Escuchar el relato es enfrentarnos a una realidad muchas veces perversa en la cual personas aparentemente dotadas de múltiples bondades esconden tras de sí una serie de conductas aberrantes que demuestran un total desprecio por los seres humanos. Cada persona que ha vivido estos horrores ha tenido que “reinventarse” muchas veces a sí mismo, pues es tal el impacto sobre la percepción de sí, sobre su autoestima, su dignidad, que pudiéramos decir sin temor a exagerar que les ha sido arrebatada la mayor parte de las veces la vida misma, la alegría y en definitiva el sentido de la existencia.

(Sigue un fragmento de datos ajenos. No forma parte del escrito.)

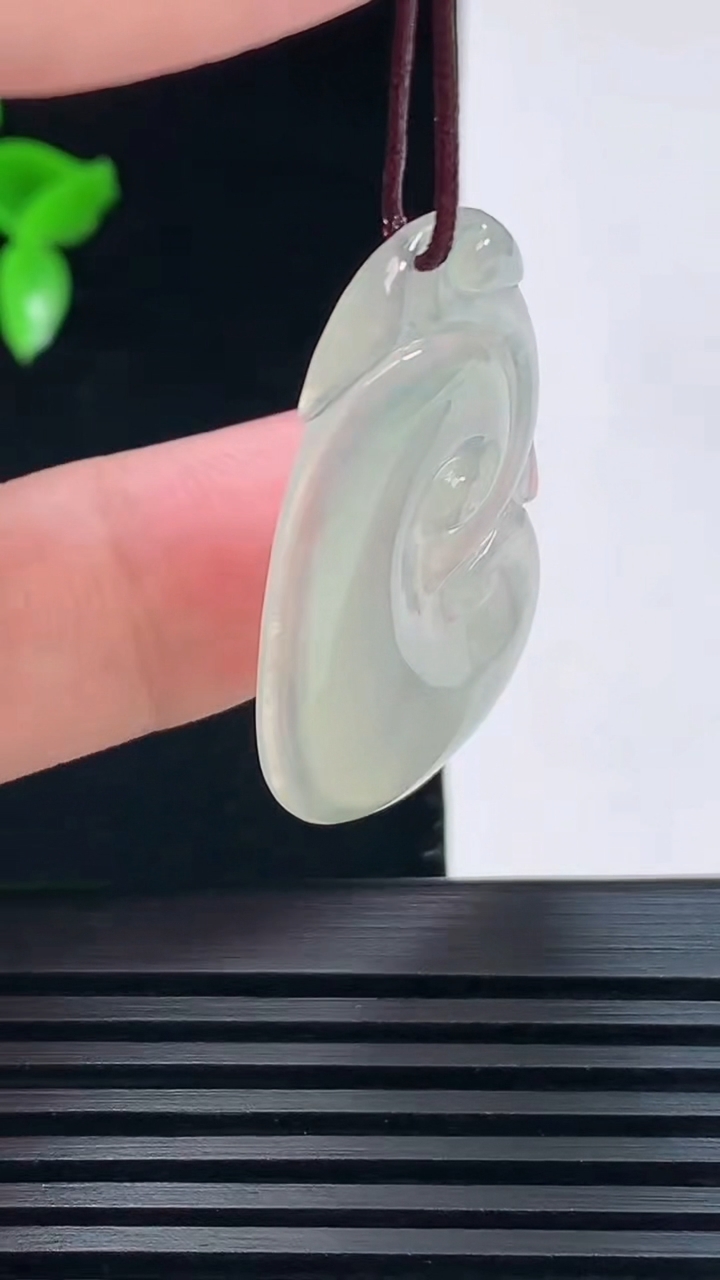 天然A货翡翠如意吊坠，尺寸38-20-3.5 重量:4.31g
6月9日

Nadie puede ante tan grande ignominia quedar indiferente sobretodo si se declara cristiano. Esta realidad que atraviesa a nuestra sociedad es lamentablemente demasiado frecuente y en muchas ocasiones normalizada pensando sencillamente que el mal es parte del mundo. No podemos acostumbrarnos al abuso o al maltrato, o sencillamente bajarle el perfil porque nos resulta una realidad incómoda, difícil de asimilar.
Esta develación de parte de su historia tan dolorosa que hace Marcela, impacta también directamente la vida de quienes han sufrido de manera directa los abusos.
Nuevamente se agrandan los fantasmas y ese dolor que aloja en lo más íntimo del corazón sale a la superficie. A ustedes que sufren y que en silencio viven todo esto, sólo les puedo decir que a pesar de tanto horror es posible volver a sonreír y a sentirse libre. Que pedir ayuda y atreverse a enfrentar estos miedos es necesario para reconciliarse con ustedes mismos. En el abuso el único que nunca tuvo la culpa es el abusado, y es él quien merece estar al centro de nuestra fe porque él es el Cristo que sufre y ante el cual una y otra vez tendremos que pedir perdón de rodillas por dejarlos tan solos, por no haber sido capaces de cuidarlos, por no haberlos escuchado, por no haberlos visto sino que ignorados, por haber defendido las apariencias, por haber sido cómplices del silencio, por no haberle tendido la mano al Cristo que tanto decimos amar.